# Instructions for the task:
Return only the lines of the data below from the line with "Kids Toilet Trainer with ladder" up to and including the line with "Tattooed Hot MILF", exactly as written, with the pictures omitted.
+++ Material for this exercise +++
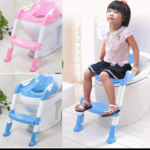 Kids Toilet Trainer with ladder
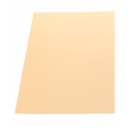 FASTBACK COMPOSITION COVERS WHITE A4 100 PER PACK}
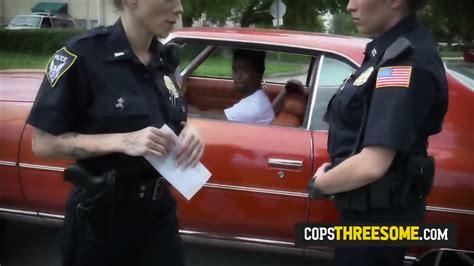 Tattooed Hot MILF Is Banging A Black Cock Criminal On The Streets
+++
+++ Material for this exercise +++
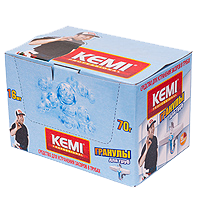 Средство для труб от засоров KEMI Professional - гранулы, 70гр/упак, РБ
+++
+++ Material for this exercise +++
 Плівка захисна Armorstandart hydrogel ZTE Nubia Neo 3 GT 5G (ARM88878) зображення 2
+++
# Answer box:
 Kids Toilet Trainer with ladder
 FASTBACK COMPOSITION COVERS WHITE A4 100 PER PACK}
 Tattooed Hot MILF Is Banging A Black Cock Criminal On The Streets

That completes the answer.